- _Exercise_
Please copy exactly the line containing "- 5.30 carats" and every line after it, through the last line of the records below, leaving out all pictures.

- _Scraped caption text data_
Start of Block

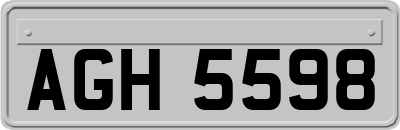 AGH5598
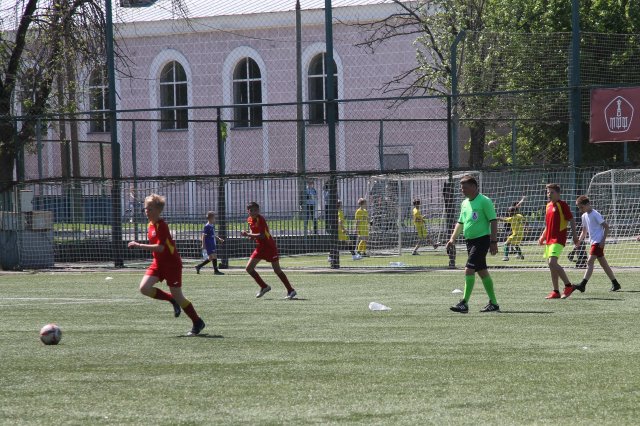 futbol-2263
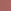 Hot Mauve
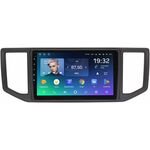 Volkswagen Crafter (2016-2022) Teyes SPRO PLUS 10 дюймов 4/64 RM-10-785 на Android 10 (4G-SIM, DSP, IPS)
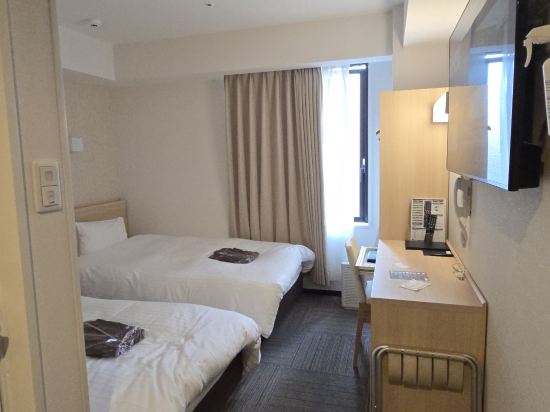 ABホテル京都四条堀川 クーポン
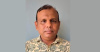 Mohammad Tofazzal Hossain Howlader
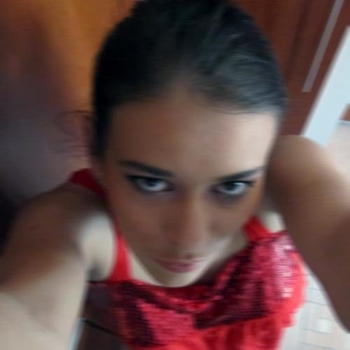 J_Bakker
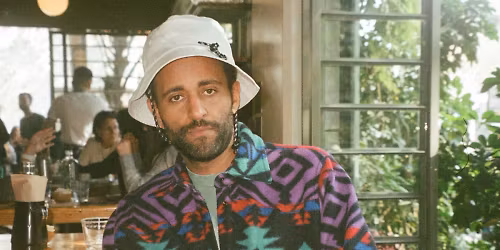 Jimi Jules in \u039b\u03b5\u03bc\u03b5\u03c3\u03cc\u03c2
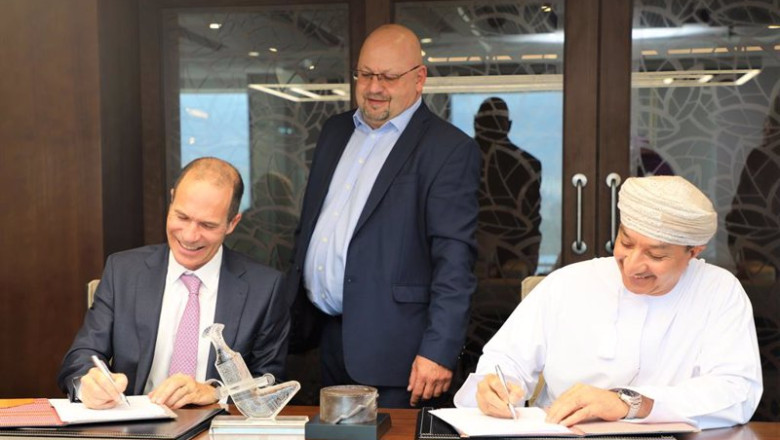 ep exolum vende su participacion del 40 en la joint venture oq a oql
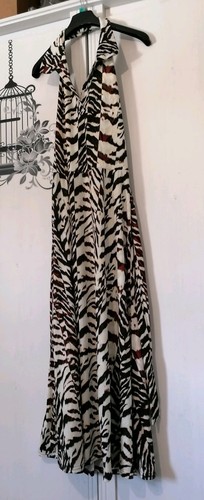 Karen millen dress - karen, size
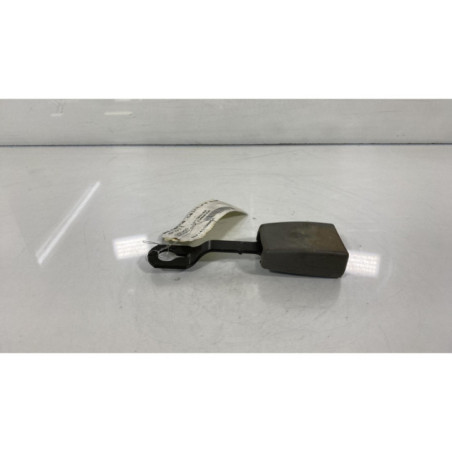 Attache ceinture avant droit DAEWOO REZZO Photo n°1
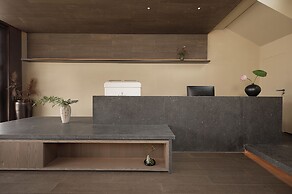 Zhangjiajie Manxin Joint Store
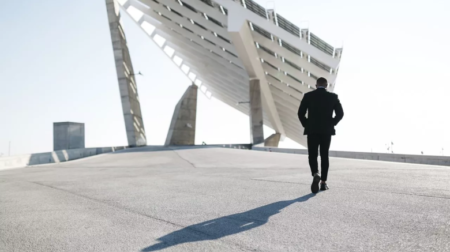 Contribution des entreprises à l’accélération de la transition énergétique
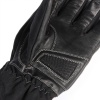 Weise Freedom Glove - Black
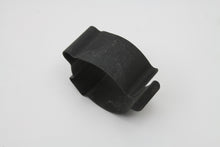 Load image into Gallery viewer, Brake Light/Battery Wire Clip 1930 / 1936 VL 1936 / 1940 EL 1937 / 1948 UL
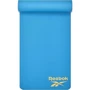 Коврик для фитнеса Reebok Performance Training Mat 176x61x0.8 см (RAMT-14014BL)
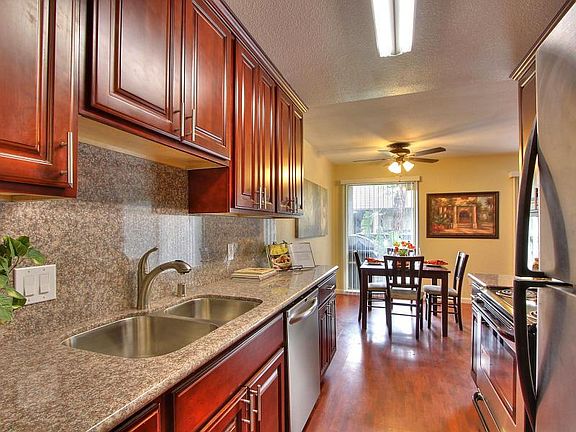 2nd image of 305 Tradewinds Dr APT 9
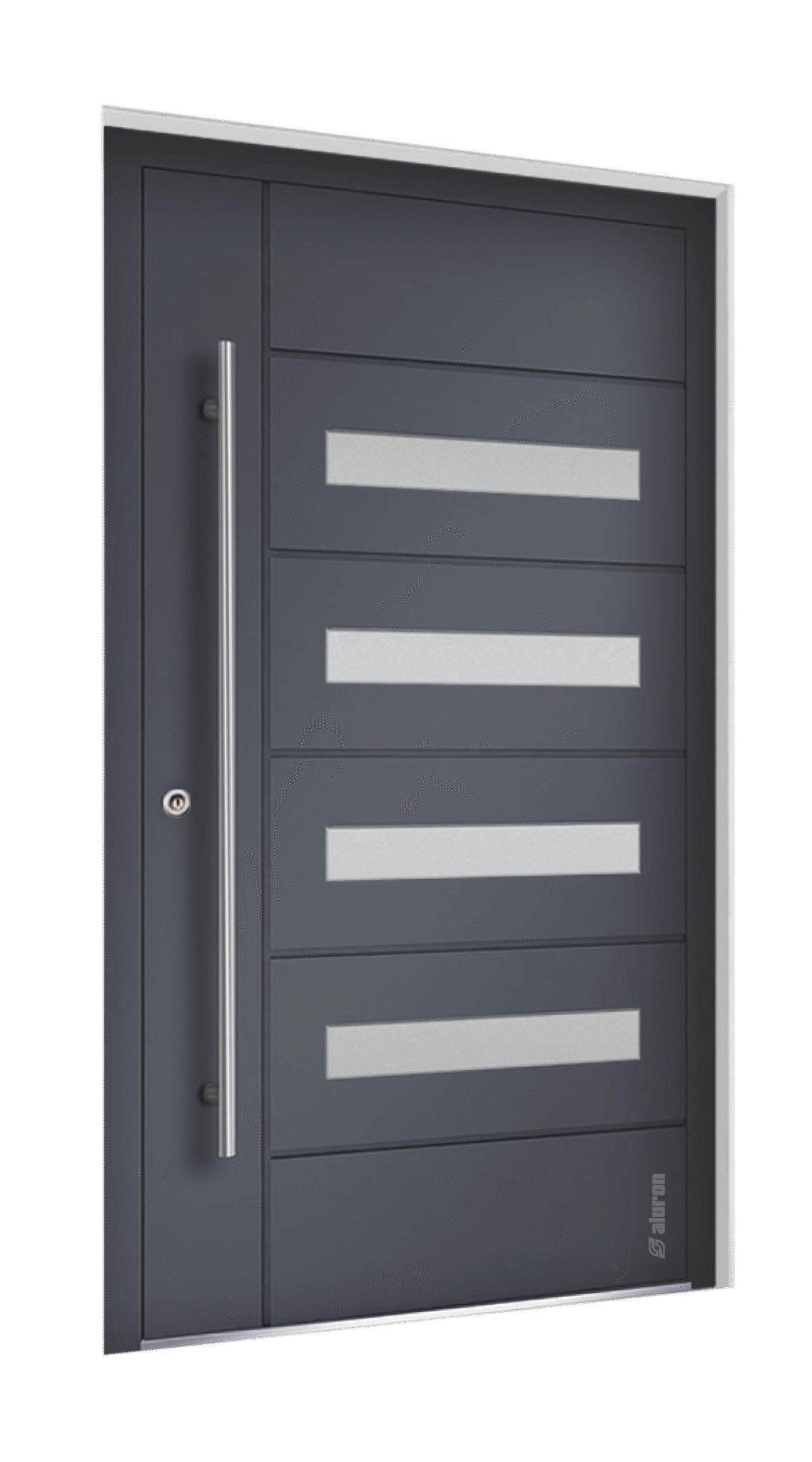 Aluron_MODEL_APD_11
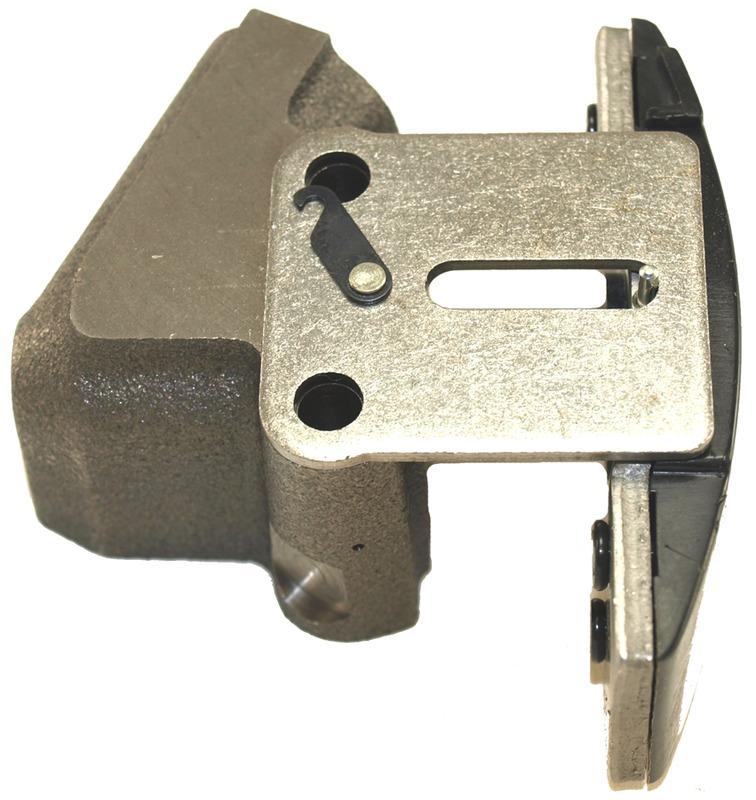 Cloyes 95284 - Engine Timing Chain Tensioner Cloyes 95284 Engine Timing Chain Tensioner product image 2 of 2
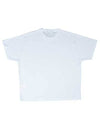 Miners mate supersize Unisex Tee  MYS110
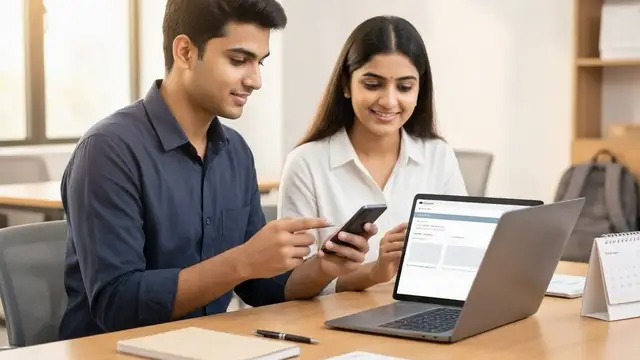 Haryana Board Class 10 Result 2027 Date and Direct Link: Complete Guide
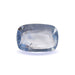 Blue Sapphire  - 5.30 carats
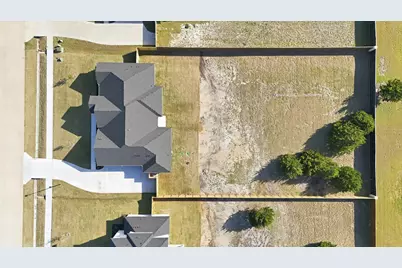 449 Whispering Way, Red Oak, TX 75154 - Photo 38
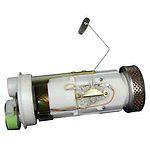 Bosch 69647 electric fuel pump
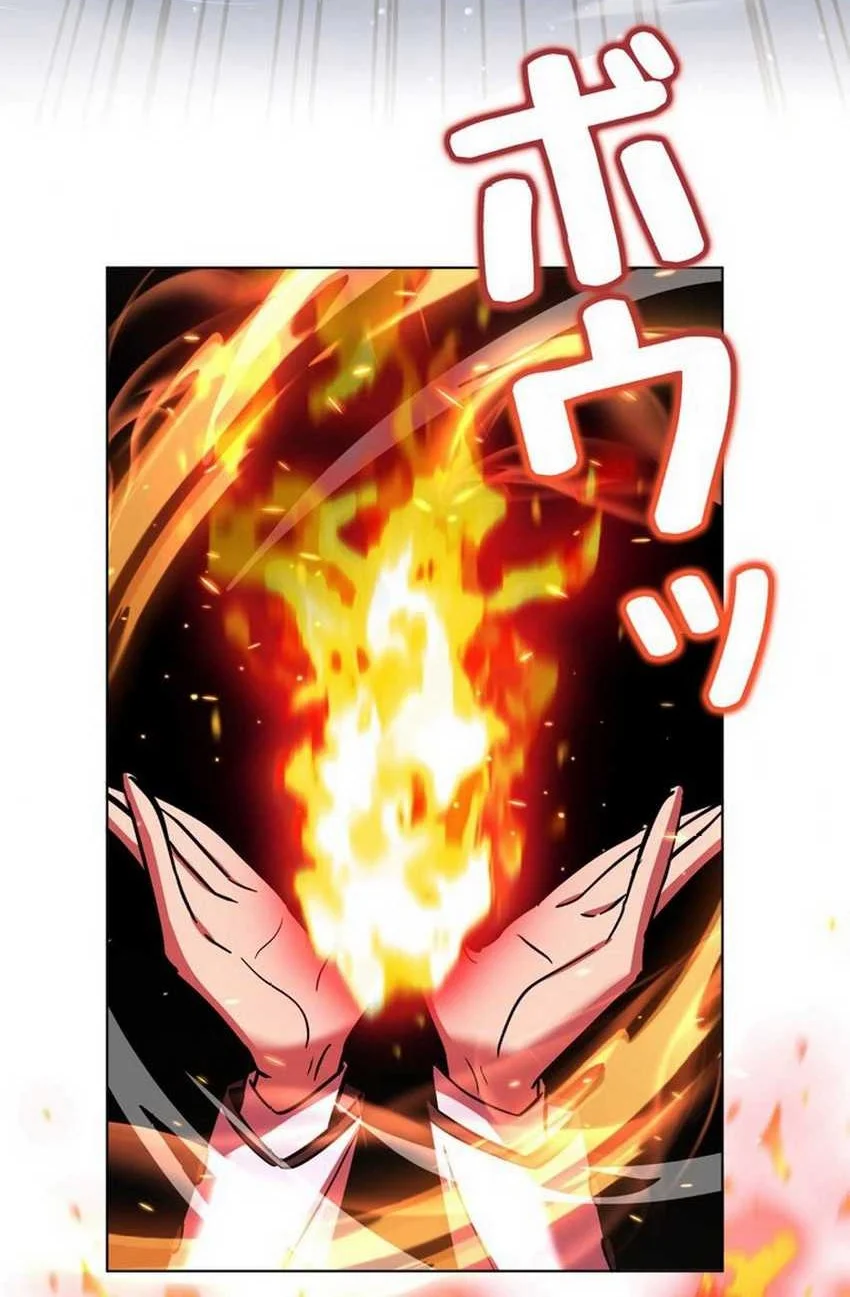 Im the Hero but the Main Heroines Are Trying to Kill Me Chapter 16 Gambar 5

End of Block

- _Solution to this exercise_
 Blue Sapphire  - 5.30 carats
 449 Whispering Way, Red Oak, TX 75154 - Photo 38
 Bosch 69647 electric fuel pump
 Im the Hero but the Main Heroines Are Trying to Kill Me Chapter 16 Gambar 5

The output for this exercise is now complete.